Among the women Pickton is accused of killing is Sarah de Vries, a prostitute who disappeared in 1998 when she was 28. A 1995 entry in her diary revealed she feared for her life after women began disappearing in downtown Vancouver.

"Am I next?" she wrote. "Is he watching me now? Is he stalking me like a predator and his prey? Waiting, waiting for some perfect spot, time or my stupid mistake."

Allegations presented in more than a year of preliminary hearings has fallen under a publication ban that prevents the media from revealing details to avoid tainting the jury pool. Williams lifted the ban for the trial — expected to last a year — after neither the defense or the prosecution objected.

Evidence has been so gruesome that some journalists covering the preliminary hearing have sought psychological counseling. During jury selection last month, Williams warned the potential jurors about what to expect.

"I think this trial might expose the juror to something that might be as bad as a horror movie and you don't have the option of turning off the TV," he said as he excused one juror.

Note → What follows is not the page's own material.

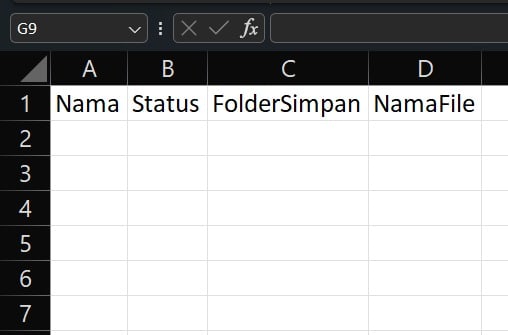 Tabel Nama, Status, FolderSimpan, NamaFile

More than 300 reporters have been accredited to cover Pickton's trial, and a room has been constructed with closed circuit TV to accommodate them. The prosecution is expected to call about 240 witnesses.

If convicted of at least 14 of the deaths, Pickton would become the worst serial killer in Canadian history, surpassing Marc Lepine, who gunned down 14 women at the Ecole Polytechnic in Montreal in 1989 before shooting himself. Pickton's lawyer, Peter Ritchie, declined to comment.

Pickton sat in the pretrial hearings in a specially built defendant's box surrounded by bulletproof glass. Clean-shaven with a bald crown and shoulder-length hair, he barely moved, though occasionally he chuckled to himself or scribbled in a notebook.

In 1997, Pickton was charged with attempted murder and unlawful confinement in the case of sex worker Wendy Lynn Eistetter, who claimed she had been handcuffed and attacked at the farm. But Pickton countered he acted in self defense, and for reasons that were never really clear, the charges were dropped.

The Royal Canadian Mounted Police and the Vancouver Police Department have come under intense criticism by community activists and advocates for sex-trade workers, who claim authorities were slow to search for dozens of women who have disappeared in the area over the years.

The trial covers the murders of Sereena Abotsway, Mona Wilson, Andrea Joesbury, Brenda Wolfe, Georgina Papin and Marnie Frey.

The parents of Marnie Frey said they were upset that it took the prosecution until last week to summon them as witnesses.

"Pickton was charged in 2002. This is 2007," Rick Frey told the Canadian Broadcasting Corp on Friday. "Does it take them five years to figure out that we're going to be possible witnesses?"

Lynn Frey said she would sit through the trial's first day.

"I want to know what happened to Marnie," she said of her daughter, who was 25 when she disappeared in August 1997. "I don't know if I can handle it, but I want to hear it."